ASSIGNMENT: Return the data below unaltered, but strip out the pictures.

DATA BLOCK:
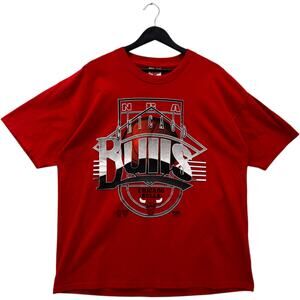 Vintage NBA Chicago Bulls Spellout NBA Tee XL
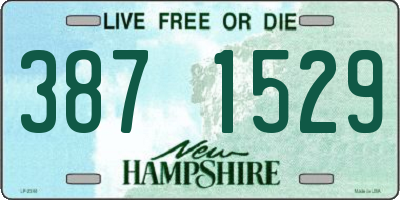NH license plate 3871529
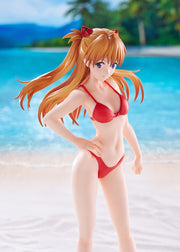 POP UP PARADE BEACH QUEENS Evangelion Shikinami Asuka Langley Bikini Style L Size Complete Figure official product image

SOLUTION BELOW:
 Vintage NBA Chicago Bulls Spellout NBA Tee XL
NH license plate 3871529
 POP UP PARADE BEACH QUEENS Evangelion Shikinami Asuka Langley Bikini Style L Size Complete Figure official product image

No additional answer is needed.